United States District Court, Western District of Missouri
Sep 13, 2021
19-cv-06022-SRB (W.D. Mo. Sep. 13, 2021)

Opinion

19-cv-06022-SRB

09-13-2021

TERI L. DEAN, Plaintiff, v. EDWARD BEARDEN, et al., Defendants.


ORDER

STEPHEN R. BOUGH UNITED STATES DISTRICT JUDGE

Before the Court is Defendant Anne Precythe's (“Defendant Precythe”) Motion for Summary Judgment. (Doc. #93.) For the reasons discussed below, the motion is DENIED.

I. BACKGROUND

This lawsuit arises out of the alleged sexual abuse, harassment, and assault of Plaintiff Terri L. Dean (“Plaintiff”) by Corrections Officers Edward Bearden, Elijah L. Mosier, Todd E. Mustain, and Kevin L. Reed (“Corrections Officer Defendants”). For purposes of resolving the pending motion, the Court finds the following facts to be undisputed.
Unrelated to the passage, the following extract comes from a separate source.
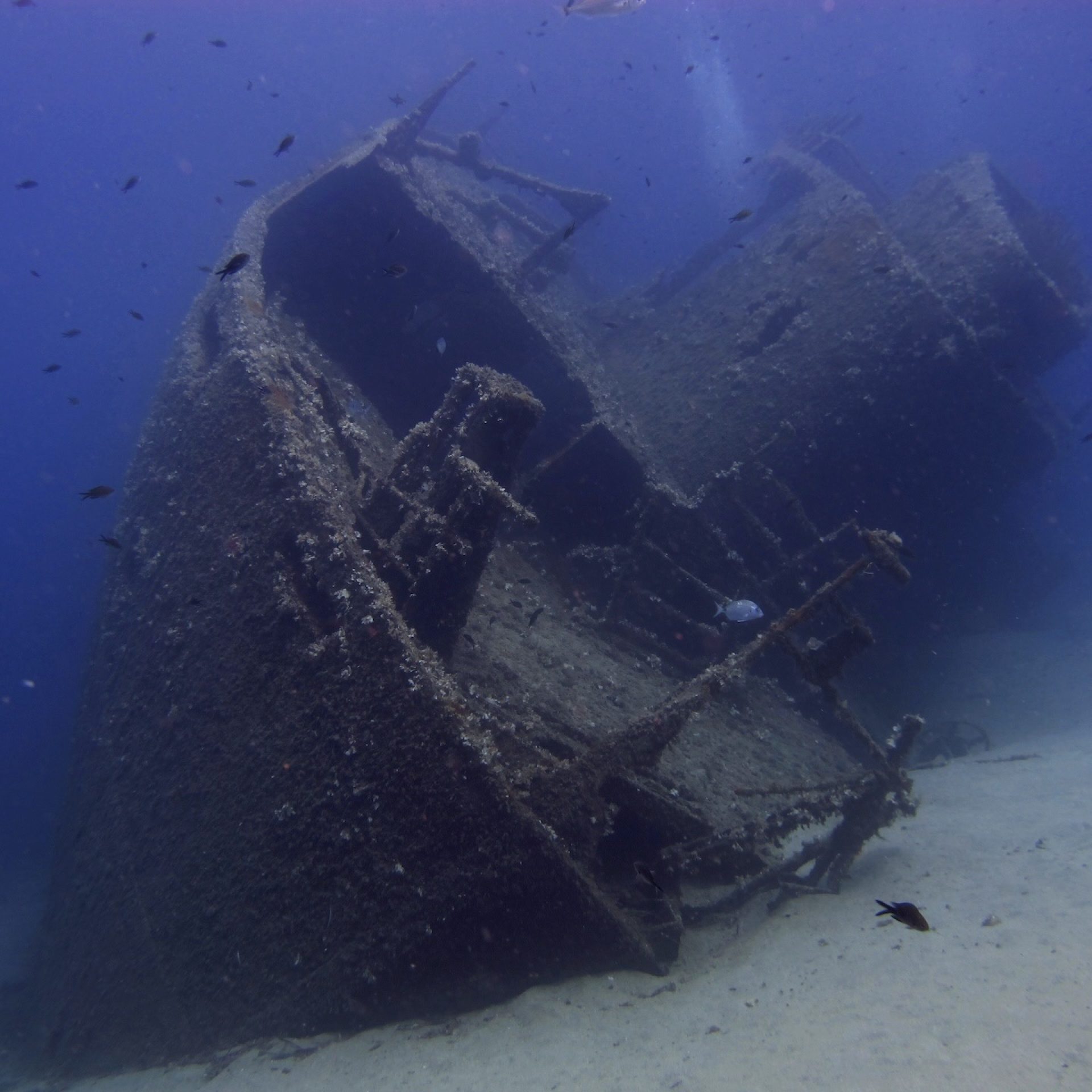 Relitto di Pomonte adagiato sul fondale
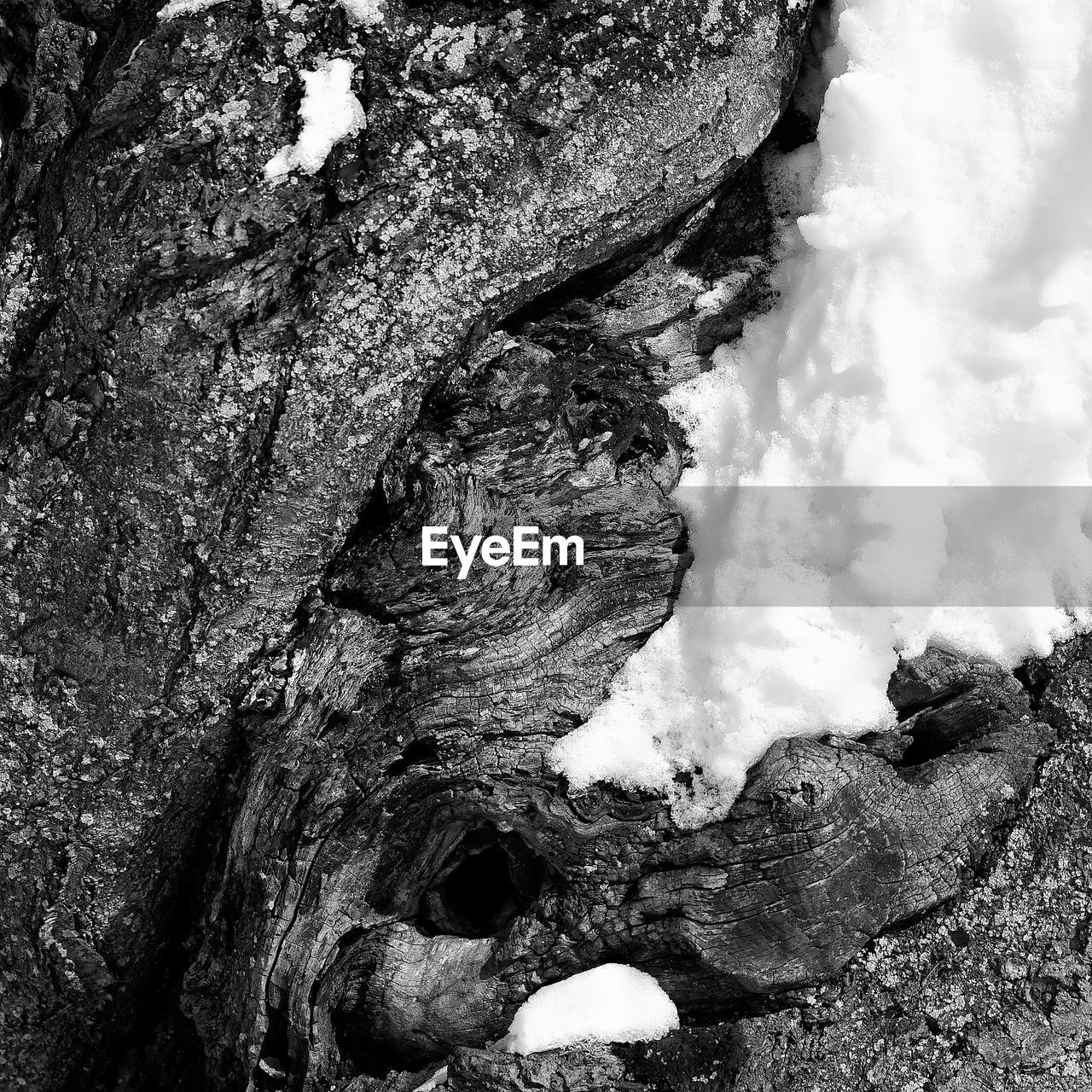 Macro shot of snow on tree trunk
The Court notes that the applicable standard requires the disputed facts to be viewed in the light most favorable to the non-moving party, Plaintiff. The relevant facts are taken from the record, including the parties' briefs and exhibits. Only those facts necessary to resolve the pending motion are discussed, and those facts are simplified to the extent possible.

Plaintiff is an inmate in the custody of the Missouri Department of Corrections (“MDOC”). Between June 2012 and October 2018, Plaintiff was incarcerated at the Chillicothe Correctional Center (“Chillicothe”), which is operated by the MDOC. Plaintiff alleges that she was sexually abused, harassed, and assaulted by Corrections Officer Defendants during her incarceration at Chillicothe until she was transferred to the Women's Eastern Reception, Diagnostic and Correctional Center in Vandalia, Missouri. Specifically, regarding Corrections Officer Defendant Edward Bearden (“Bearden”), Plaintiff claims he sexually abused her at various times between 2012 and 2018, including throughout June 2018 and early July 2018. Defendant Precythe is the Director of the MDOC and has served in that role since February 7, 2017.

Inmate complaints and personnel matters are generally investigated by the Office of Professional Standards. Defendant Precythe typically relies on a team of Division Directors in the Office of Professional Standards to inform her of complaints against MDOC staff. Plaintiff never had specific discussions with Defendant Precythe about Plaintiff's claims of sexual abuse by Corrections Officer Defendants, including the claims against Bearden.

On March 3, 2018, John Ammann, Plaintiff's counsel, emailed Defendant Precythe, stating that “we hope you are following the Bearden investigation in Chillicothe.” (Doc. #101-8, p. 2.) On May 29, 2018, Karen Keil (“Keil”), a former MDOC inmate, filed a lawsuit against Bearden and her former counselor, John Dunn (“Dunn”), alleging they sexually assaulted her at Chillicothe. On June 5, 2018, Lynnsey Betz (“Betz”), another Chillicothe inmate, filed a second lawsuit with similar allegations against Bearden.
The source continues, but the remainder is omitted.